By Edmond Y. Azadian
The bloodbath in Syria cannot be called a civil war, no matter how much the news media continues to promote that misnomer. What has happened was part of a Neocon plan of creating a domino effect to destroy stable regimes in the Middle East, beginning with Iraq, then Libya and Syria, with the end target being Iran.
The Bush-Cheney Administration did not have time to complete its plan, to which new life will be breathed after President Obama’s term expires in January, no matter which candidate wins.
Just as the Clinton Administration drew a line in the sand for Europe, by dismantling Yugoslavia and curtailing Russia’s influence on that continent Moscow tried to do the same in Syria, despite the fact that it had conceded that it was no longer a superpower.

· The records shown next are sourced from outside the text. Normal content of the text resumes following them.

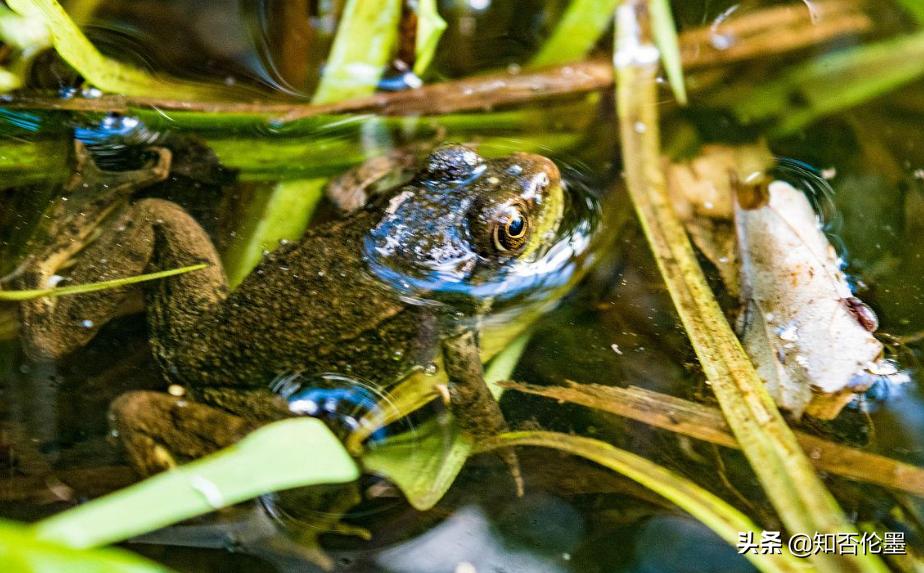 现在养什么最挣钱种植什么最挣钱,养殖小项目农村养殖什么比较靠谱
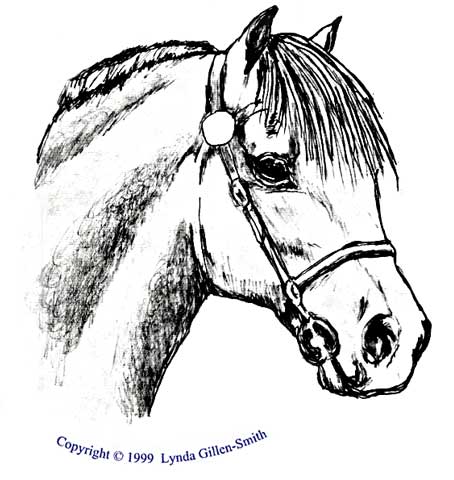 pony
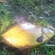 Crucian carp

Many interests and policies collide on the Syrian battlefront, with sometimes shifting allegiances — Al Nusra Front, Free Syrian Army, Ahrar El-Sham, ISIS, al Qaeda, etc. New factions with new names appear on the map and sometimes they disappear when funds and arms are cut off as most of these groups are composed of foreign mercenaries, disqualifying the strife from being called a “civil war.”
Despite pressure from the State Department and Neocons, President Obama thus far has been paying only lip service to the idea of regime change in Syria, because it is obvious to any informed observer what could happen when a strongman is removed: devastation and destabilization have been well-documented in Iraq, Libya and Yemen in the wake of this very action.